咄嗟に庇い、胡蝶は無事だった様だが俺の頭に本の背表紙が直撃した様だ。
猛烈に頭が痛い。
「すみません!大丈夫ですか⁉︎」
「…大丈夫だ。胡蝶は大丈夫か?」
「私は全く…」
「ならいい」
ここで気付いた。
庇った事で胡蝶を抱きしめる様な形になっていたらしい。
離れなければ、そう思った正にその時…
「あの…」
今一番見られてはいけない人物、紗夜がそこに立っていたのだ。
「紗夜…」
「私、機能回復訓練ノ手伝イニ行ッテ来マス。
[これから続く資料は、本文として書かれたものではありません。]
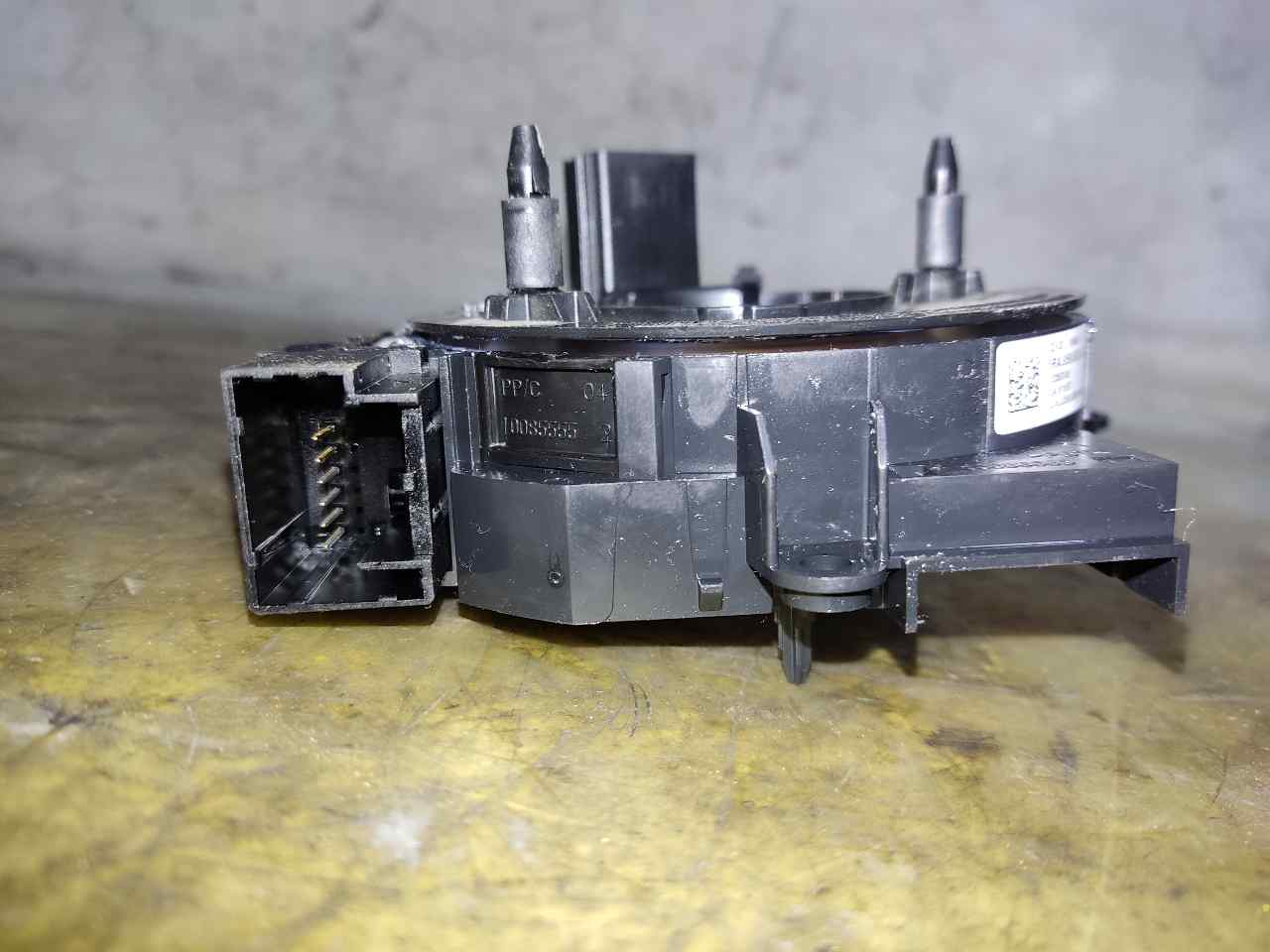 SEAT Toledo 4 generation (2012-2020) Rat Slip Ring Squib 6RA959653A 24900472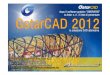Novità di Gstarcad 2012 -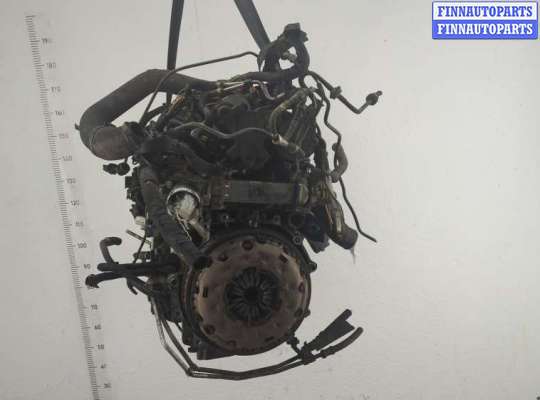купить Двигатель (ДВС) на Volvo V50 2004-2012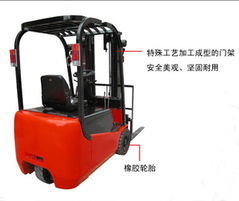 叉車產(chǎn)品列表 第26頁(yè)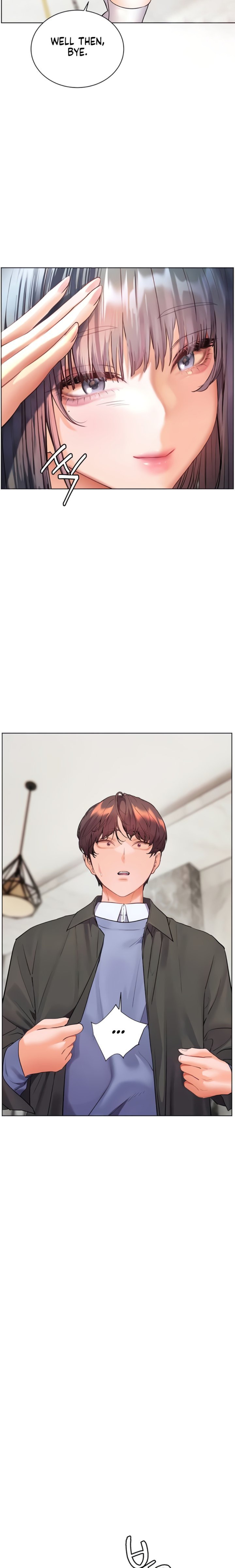 The Teachers’ Efforts - Chapter 74 Page 21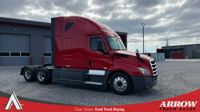 2022 Freightliner CA126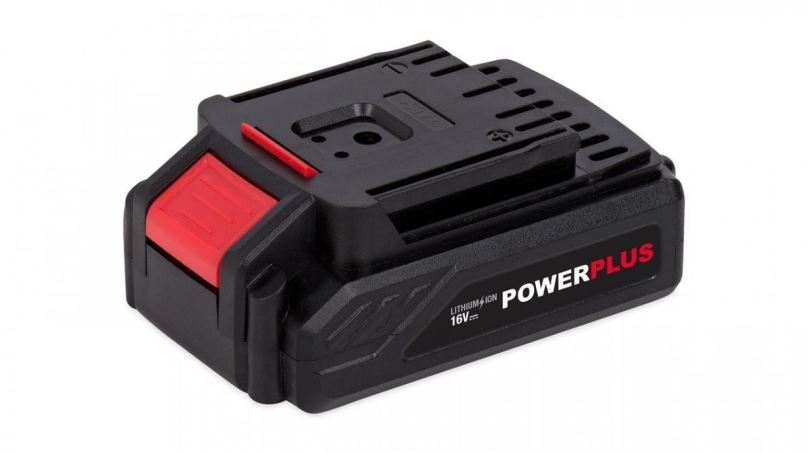 Nabíjecí baterie pro aku nářadí PowerPlus 103.124.06 - Baterie pro POWC1061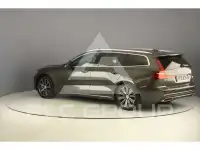 2022 Volvo V60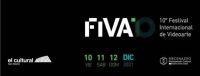 Todo lo que hay que saber del FIVA 10,  Festival Internacional De Videoarte 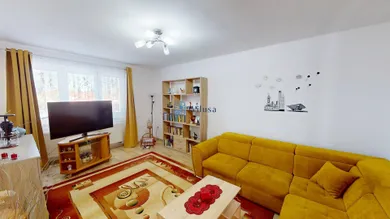 Na predaj 4-izbový dom, 113 m², Jahodná, Cintorínska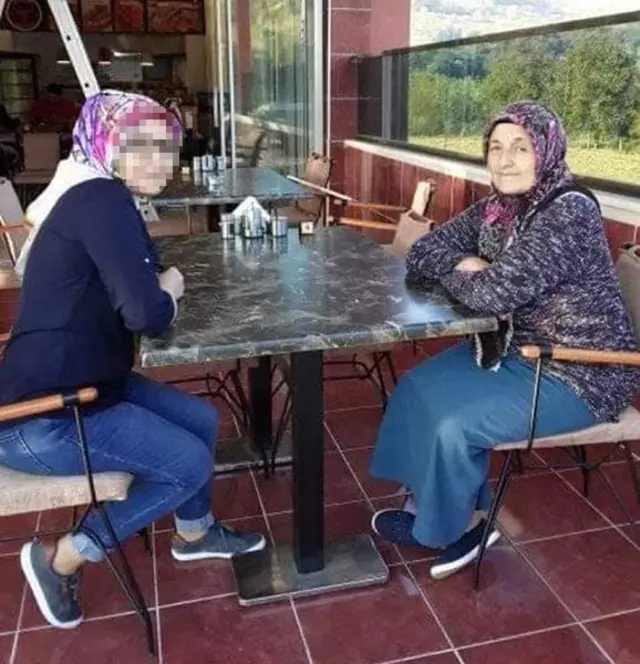 Korkunç cinayet! Annesini 110, anneannesini 6 parçaya ayırmış! 17 640xauto 1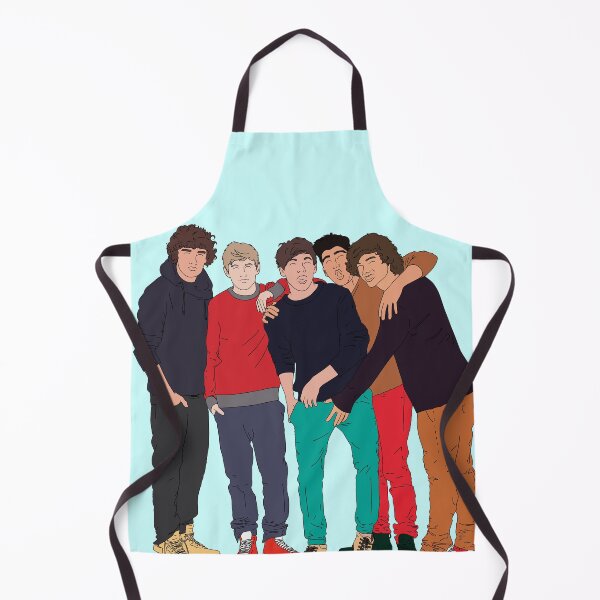 Item preview, The Boys: One Direction designed and sold by hnnhsmth95.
デハゴユックリ」
言葉がおかしい。
明らかに動揺している。
俺達もそんな紗夜を止められず、紗夜はそのまま行ってしまった。
「勘違いしましたね」
「恐らく」
「冨岡さんこれを」
探し物はこれか。
胡蝶がさっき言っていたものを俺に託す。
「頼みましたよ。さっきの状況説明もちゃんとして来て下さいね」
「…承知した」
「大丈夫ですよ。全て上手くいきます」
そう言った胡蝶はあのいつもの余裕の笑顔だった。
胡蝶から預かったものを隊服のポケットに入れ、俺は紗夜の後を追いかけた。